Tracing (OpenTelemetry)

BubuStack emits OpenTelemetry spans from core controllers and streaming components. Trace context can be propagated end-to-end, and trace IDs are recorded on runs to make UI/CLI lookup easy.

What is traced

  • Controller reconciliation for StoryRuns and StepRuns.
  • Storage hydration/offload operations.
  • Streaming hub and connector pipelines.

Where trace IDs live

  • StoryRun.status.trace (trace ID + span ID)
  • StepRun.status.trace (trace ID + span ID)

Operator toggles

  • telemetry.enabled: enables span emission.
  • telemetry.trace-propagation: injects/extracts trace context for downstream systems.
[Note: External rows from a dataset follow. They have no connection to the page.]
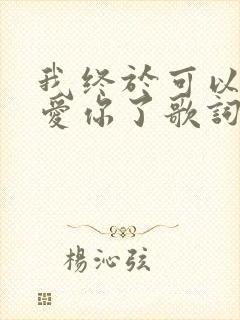 我终于可以不再爱你了歌词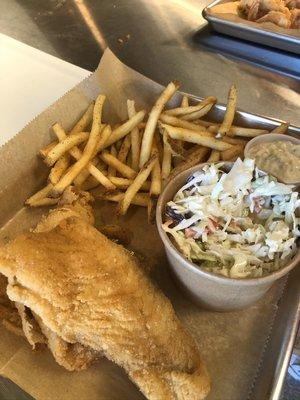 Fresh Fried Flounder, fries, and cole slaw.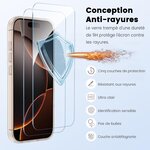 Verre trempé 9H anti-rayures pour iPhone 16 Pro
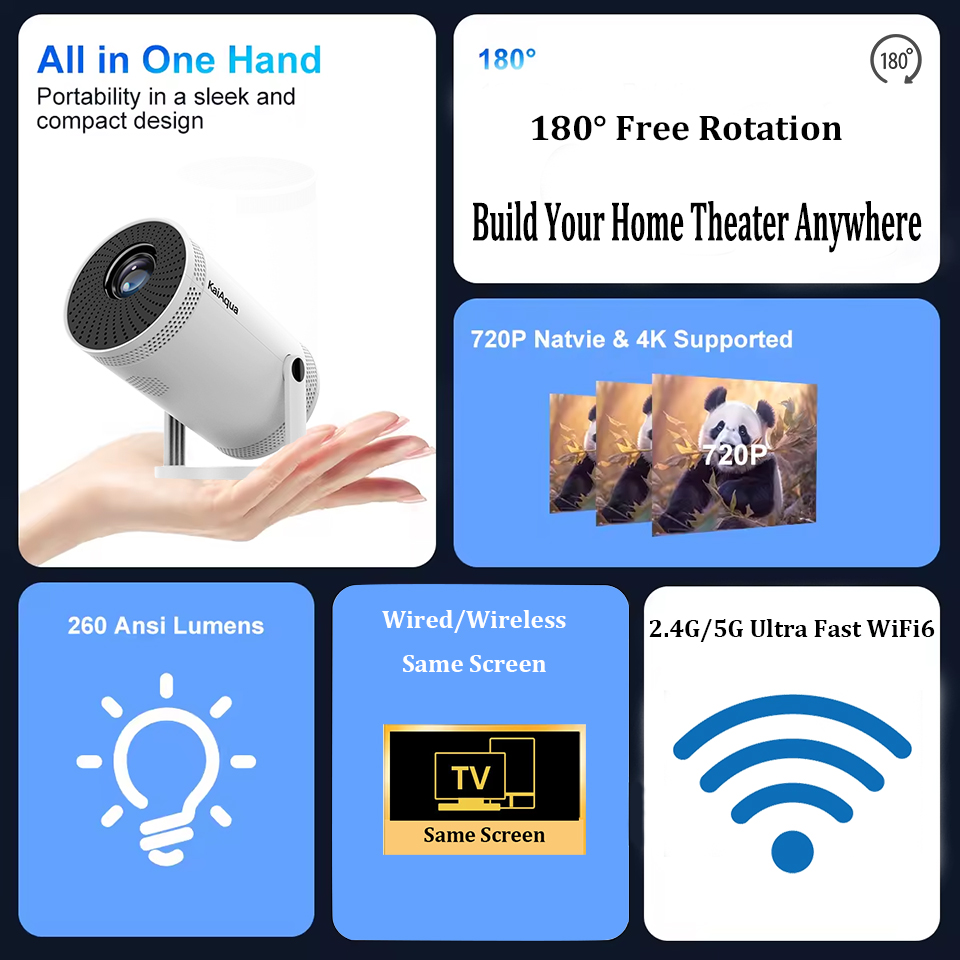 -selling FY300 4K Projector 260ANSI Portable Theater Dual Band Wifi6 BT5.0 1080P 720P Home Cinema Outdoor Mini HD Projectors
These toggles are applied at runtime. Enabling telemetry will initialize the OTLP exporter; disabling telemetry will flush and shut it down. Changing OTEL exporter environment variables still requires a restart.

Exporter configuration (OTLP)

BubuStack uses the OTLP gRPC exporter. Configure via standard OTEL env vars:

  • OTEL_EXPORTER_OTLP_ENDPOINT (e.g., otel-collector:4317)
  • OTEL_TRACES_EXPORTER (otlp or none)
  • OTEL_SERVICE_NAME (override service name)
  • OTEL_RESOURCE_ATTRIBUTES (extra resource tags)

Exporter initialization and shutdown timeouts can be tuned via manager flags:

  • --tracing-init-timeout (default 10s)
  • --tracing-shutdown-timeout (default 5s)

Example:

export OTEL_EXPORTER_OTLP_ENDPOINT=otel-collector.observability:4317
export OTEL_TRACES_EXPORTER=otlp
export OTEL_SERVICE_NAME=bobrapet-operator

Streaming traces

For real-time flows, tracing and sampling are configurable per transport using streaming.observability.tracing (see docs/streaming/transport-settings.md).


Metrics and SLOs

BubuStack exports controller and runtime metrics when enabled. These metrics can be used to build SLO dashboards for:

  • Success rate
  • Latency (p50/p95)
  • Queue depth
  • Step volume and retry pressure

Operator toggle

  • debug.enable-metrics: enables metric collection.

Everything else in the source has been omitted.